━━ Dataset extract

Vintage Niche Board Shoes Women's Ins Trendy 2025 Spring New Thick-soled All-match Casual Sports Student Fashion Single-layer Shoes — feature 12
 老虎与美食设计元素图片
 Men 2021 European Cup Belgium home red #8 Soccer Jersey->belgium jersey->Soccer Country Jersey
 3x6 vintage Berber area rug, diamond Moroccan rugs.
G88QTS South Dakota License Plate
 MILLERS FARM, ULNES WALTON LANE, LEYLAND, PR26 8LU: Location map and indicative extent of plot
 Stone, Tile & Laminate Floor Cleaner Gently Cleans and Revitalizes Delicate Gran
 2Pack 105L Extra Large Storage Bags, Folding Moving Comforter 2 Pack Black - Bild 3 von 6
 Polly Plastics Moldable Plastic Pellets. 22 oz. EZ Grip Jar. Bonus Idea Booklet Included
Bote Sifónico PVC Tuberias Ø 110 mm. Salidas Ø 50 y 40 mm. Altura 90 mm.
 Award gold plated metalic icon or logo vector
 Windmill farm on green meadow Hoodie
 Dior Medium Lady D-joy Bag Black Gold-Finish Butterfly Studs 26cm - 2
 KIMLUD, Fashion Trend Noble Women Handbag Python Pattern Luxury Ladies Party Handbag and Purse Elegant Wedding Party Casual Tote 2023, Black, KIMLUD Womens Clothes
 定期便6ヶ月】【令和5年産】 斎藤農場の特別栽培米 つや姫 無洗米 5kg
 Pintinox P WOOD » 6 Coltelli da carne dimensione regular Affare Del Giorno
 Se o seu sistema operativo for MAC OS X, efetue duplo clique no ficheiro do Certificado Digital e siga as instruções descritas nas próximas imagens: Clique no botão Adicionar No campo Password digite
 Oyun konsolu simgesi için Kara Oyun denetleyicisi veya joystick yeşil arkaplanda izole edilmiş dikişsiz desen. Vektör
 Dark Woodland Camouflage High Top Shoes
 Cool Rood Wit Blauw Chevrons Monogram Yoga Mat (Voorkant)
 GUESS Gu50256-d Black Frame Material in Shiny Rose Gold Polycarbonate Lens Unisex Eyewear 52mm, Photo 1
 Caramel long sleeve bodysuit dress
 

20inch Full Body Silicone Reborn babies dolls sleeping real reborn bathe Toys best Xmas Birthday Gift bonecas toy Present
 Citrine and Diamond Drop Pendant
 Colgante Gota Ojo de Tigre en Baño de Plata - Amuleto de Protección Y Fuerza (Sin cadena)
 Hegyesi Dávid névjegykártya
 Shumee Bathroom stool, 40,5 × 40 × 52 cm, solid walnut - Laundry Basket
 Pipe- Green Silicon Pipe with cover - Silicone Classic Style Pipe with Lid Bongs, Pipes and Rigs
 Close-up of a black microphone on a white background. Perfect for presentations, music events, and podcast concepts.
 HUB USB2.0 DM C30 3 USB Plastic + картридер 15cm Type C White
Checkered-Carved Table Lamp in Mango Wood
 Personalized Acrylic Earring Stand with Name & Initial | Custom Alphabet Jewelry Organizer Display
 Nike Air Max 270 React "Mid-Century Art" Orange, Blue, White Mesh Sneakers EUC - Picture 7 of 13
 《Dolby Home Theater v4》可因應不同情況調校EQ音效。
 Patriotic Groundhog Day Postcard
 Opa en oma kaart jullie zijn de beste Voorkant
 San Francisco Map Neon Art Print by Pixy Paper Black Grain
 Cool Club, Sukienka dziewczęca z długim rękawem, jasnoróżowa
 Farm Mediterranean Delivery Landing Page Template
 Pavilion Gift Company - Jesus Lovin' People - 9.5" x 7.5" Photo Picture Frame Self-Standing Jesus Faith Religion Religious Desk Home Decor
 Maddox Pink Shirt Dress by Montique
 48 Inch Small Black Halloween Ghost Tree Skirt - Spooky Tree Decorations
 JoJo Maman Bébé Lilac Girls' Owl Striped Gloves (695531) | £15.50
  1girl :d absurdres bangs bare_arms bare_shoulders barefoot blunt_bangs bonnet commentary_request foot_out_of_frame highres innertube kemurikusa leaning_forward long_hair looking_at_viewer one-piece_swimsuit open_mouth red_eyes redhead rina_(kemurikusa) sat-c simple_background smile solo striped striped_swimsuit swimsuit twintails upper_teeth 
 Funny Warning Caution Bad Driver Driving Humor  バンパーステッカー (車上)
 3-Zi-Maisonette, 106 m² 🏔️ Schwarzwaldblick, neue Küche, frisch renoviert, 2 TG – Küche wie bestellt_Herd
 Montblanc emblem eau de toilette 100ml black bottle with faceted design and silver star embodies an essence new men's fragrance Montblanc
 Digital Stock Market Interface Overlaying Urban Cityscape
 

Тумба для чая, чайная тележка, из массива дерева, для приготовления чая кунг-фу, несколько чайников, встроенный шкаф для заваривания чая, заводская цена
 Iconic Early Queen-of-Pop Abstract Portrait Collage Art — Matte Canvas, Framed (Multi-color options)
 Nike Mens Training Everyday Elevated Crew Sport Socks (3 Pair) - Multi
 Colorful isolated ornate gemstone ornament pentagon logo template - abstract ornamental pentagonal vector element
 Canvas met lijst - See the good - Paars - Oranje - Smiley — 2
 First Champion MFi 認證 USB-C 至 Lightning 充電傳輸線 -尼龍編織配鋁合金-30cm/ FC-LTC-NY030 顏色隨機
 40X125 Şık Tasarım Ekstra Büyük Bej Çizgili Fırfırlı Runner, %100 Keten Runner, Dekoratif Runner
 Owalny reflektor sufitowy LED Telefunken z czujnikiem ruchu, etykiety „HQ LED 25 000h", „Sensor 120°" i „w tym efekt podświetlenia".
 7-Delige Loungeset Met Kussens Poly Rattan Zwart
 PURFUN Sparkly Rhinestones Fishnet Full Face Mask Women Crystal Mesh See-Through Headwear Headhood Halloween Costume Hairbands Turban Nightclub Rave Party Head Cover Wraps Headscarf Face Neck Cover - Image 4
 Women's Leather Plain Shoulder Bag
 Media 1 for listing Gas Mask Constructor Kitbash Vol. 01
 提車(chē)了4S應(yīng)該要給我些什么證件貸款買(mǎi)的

━━━━

### [Instructions for the task]
Your response should hold the lines from the first line of the entries above through the line with "Hegyesi Dávid névjegykártya", each retyped exactly, and nothing else.

### [Exercise result]
Vintage Niche Board Shoes Women's Ins Trendy 2025 Spring New Thick-soled All-match Casual Sports Student Fashion Single-layer Shoes — feature 12
 老虎与美食设计元素图片
 Men 2021 European Cup Belgium home red #8 Soccer Jersey->belgium jersey->Soccer Country Jersey
 3x6 vintage Berber area rug, diamond Moroccan rugs.
G88QTS South Dakota License Plate
 MILLERS FARM, ULNES WALTON LANE, LEYLAND, PR26 8LU: Location map and indicative extent of plot
 Stone, Tile & Laminate Floor Cleaner Gently Cleans and Revitalizes Delicate Gran
 2Pack 105L Extra Large Storage Bags, Folding Moving Comforter 2 Pack Black - Bild 3 von 6
 Polly Plastics Moldable Plastic Pellets. 22 oz. EZ Grip Jar. Bonus Idea Booklet Included
Bote Sifónico PVC Tuberias Ø 110 mm. Salidas Ø 50 y 40 mm. Altura 90 mm.
 Award gold plated metalic icon or logo vector
 Windmill farm on green meadow Hoodie
 Dior Medium Lady D-joy Bag Black Gold-Finish Butterfly Studs 26cm - 2
 KIMLUD, Fashion Trend Noble Women Handbag Python Pattern Luxury Ladies Party Handbag and Purse Elegant Wedding Party Casual Tote 2023, Black, KIMLUD Womens Clothes
 定期便6ヶ月】【令和5年産】 斎藤農場の特別栽培米 つや姫 無洗米 5kg
 Pintinox P WOOD » 6 Coltelli da carne dimensione regular Affare Del Giorno
 Se o seu sistema operativo for MAC OS X, efetue duplo clique no ficheiro do Certificado Digital e siga as instruções descritas nas próximas imagens: Clique no botão Adicionar No campo Password digite
 Oyun konsolu simgesi için Kara Oyun denetleyicisi veya joystick yeşil arkaplanda izole edilmiş dikişsiz desen. Vektör
 Dark Woodland Camouflage High Top Shoes
 Cool Rood Wit Blauw Chevrons Monogram Yoga Mat (Voorkant)
 GUESS Gu50256-d Black Frame Material in Shiny Rose Gold Polycarbonate Lens Unisex Eyewear 52mm, Photo 1
 Caramel long sleeve bodysuit dress
 

20inch Full Body Silicone Reborn babies dolls sleeping real reborn bathe Toys best Xmas Birthday Gift bonecas toy Present
 Citrine and Diamond Drop Pendant
 Colgante Gota Ojo de Tigre en Baño de Plata - Amuleto de Protección Y Fuerza (Sin cadena)
 Hegyesi Dávid névjegykártya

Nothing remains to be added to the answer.